=== EXERCISE BRIEF ===
Please transcribe only the lines from the one holding "LOUIS VUITTON DIAMANTÈ" through the final line of the data, both included, with no pictures.

=== SOURCE MATERIAL ===
Segment Open
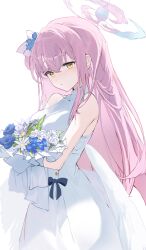 Rule 34 | 1girl, absurdres, bare shoulders, blue archive, blush, bouquet, breasts, commentary request, dress, flower, hair between eyes, halo, highres, holding, holding bouquet, kabedoru, long hair, looking at viewer, low wings, medium breasts, mika (blue archive), pink hair, simple background, solo, white background, white dress, white wings, wings, yellow eyes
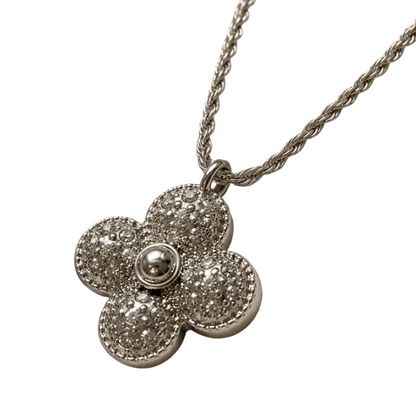 LOUIS VUITTON DIAMANTÈ CHUNKY FLORA NECKLACE SILVER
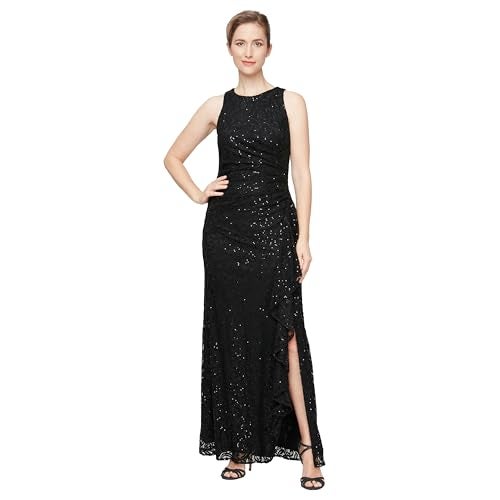 Alex Evenings Women's Long Sleeveless Mother of The Bride Dress w/Cascade Ruffle & Front Slit, (Petite and Regular Sizes), Black Lace, 12 - Image 4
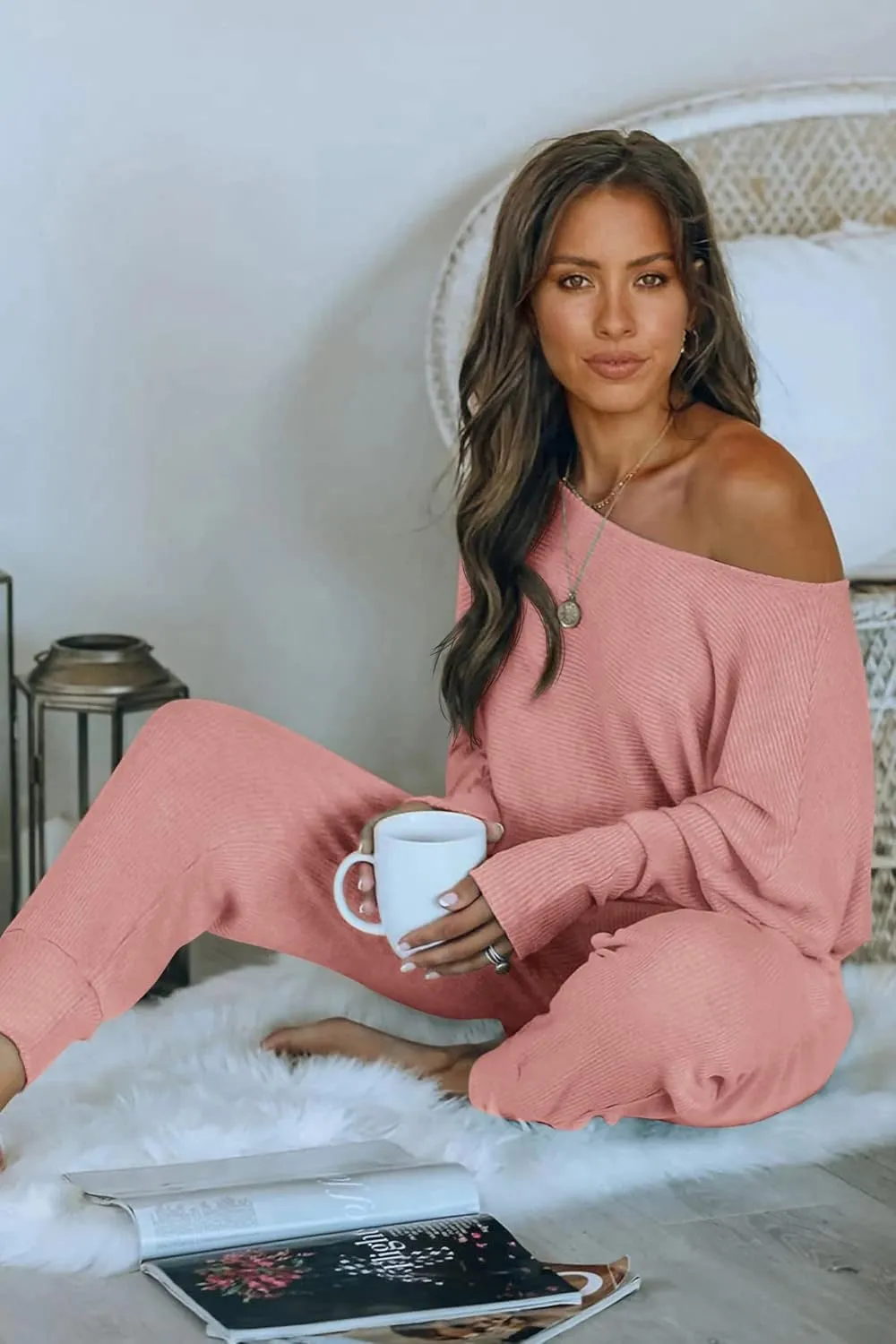PRETTYGARDEN Women's 2 Piece Ribbed Tracksuit Outfits Off Shoulder Long Sleeve Pullover Lounge Pants with Pockets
Segment Closed
=== ANSWER AREA ===
 LOUIS VUITTON DIAMANTÈ CHUNKY FLORA NECKLACE SILVER
 Alex Evenings Women's Long Sleeveless Mother of The Bride Dress w/Cascade Ruffle & Front Slit, (Petite and Regular Sizes), Black Lace, 12 - Image 4
PRETTYGARDEN Women's 2 Piece Ribbed Tracksuit Outfits Off Shoulder Long Sleeve Pullover Lounge Pants with Pockets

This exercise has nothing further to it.